Les activités culturelles font partie d’un tout, s’inscrivent aux côtés d’autres activités, sportives notamment, dans un cadre exceptionnel au bord de l’eau avec sa fascination et ses dangers, adossé à un quartier interlope à la réputation sulfureuse. La buvette aux prix populaires – un plat du jour soigné 14 francs, 11 francs pour AVS et chômeurs – sert des milliers de repas par an.

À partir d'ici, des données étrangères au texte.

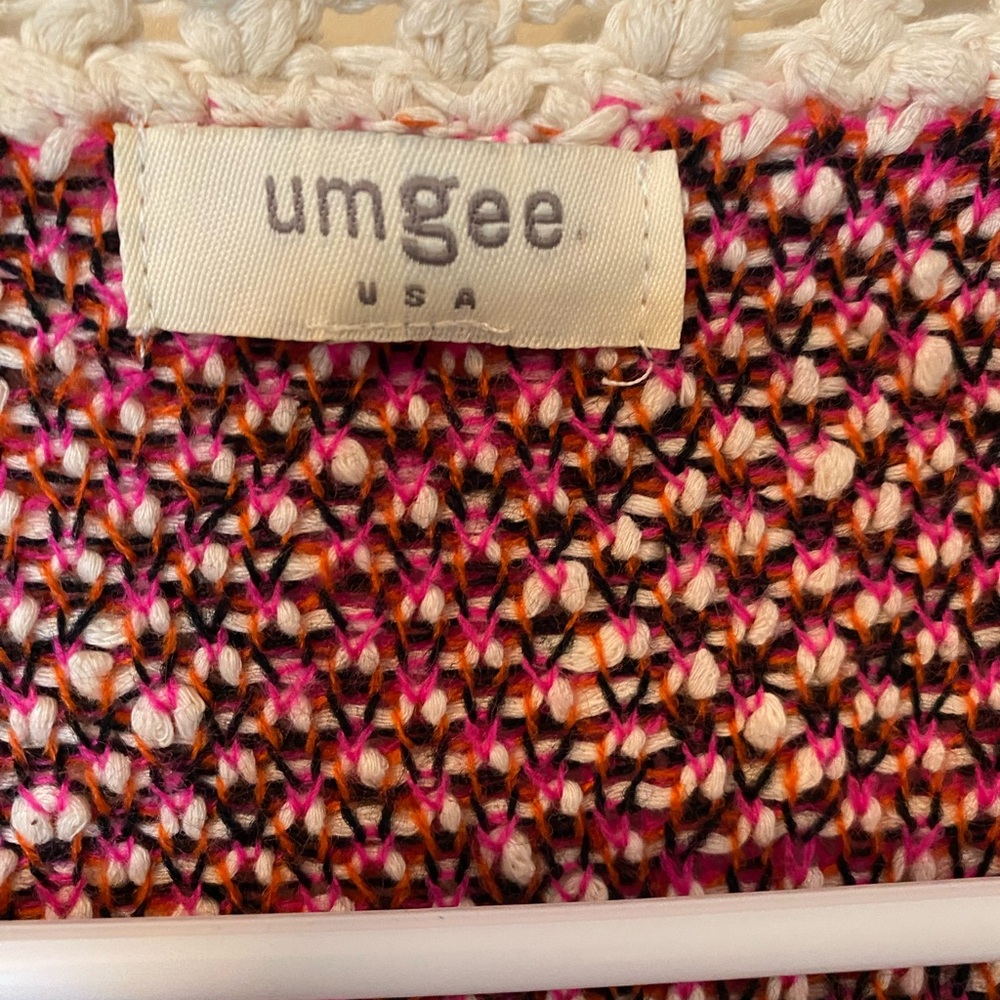 Umgee Floral Cardigan - Picture 3 of 4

Devenue une sàrl indépendante, elle verse désormais son loyer à l’AUBP. AUBP et buvette en tant qu’employeurs assurent pour 3 millions de francs d’emplois annuels.
Une expérience unique de gestion associative
Ce qui est remarquable dans l’expérience de gestion associative des Bains, c’est sa longévité. Certes, il y a eu des crises, des erreurs de casting dans les instances dirigeantes, des redéfinitions parfois douloureuses entre les différents secteurs d’activité – buvette, sauna, hammam, culture, sécurité – et il y en aura encore. Mais à chaque fois on s’en est sorti «par en haut». La plupart des expériences «alternatives» issues de l’enthousiasme des années 1980 ont capoté, asphyxiées par l’idéologie de l’altérité et l’incapacité qui en découle à gérer les questions de sécurité, à faire le tri entre ce qui est licite et nuisible à la vie collective et à se renouveler. L’AUBP a, dès son origine, consigné ses valeurs de référence dans une «Charte» dont le respect est garanti par des personnalités aussi dévouées qu’avisées qui ont su s’entourer au fil des années d’autres personnes partageant leur conviction. Tant les responsables de l’AUBP que le personnel des Bains et de la buvette rendent un service important à la collectivité en gérant un lieu sécurisé, familial, d’une propreté exemplaire, et surtout festif.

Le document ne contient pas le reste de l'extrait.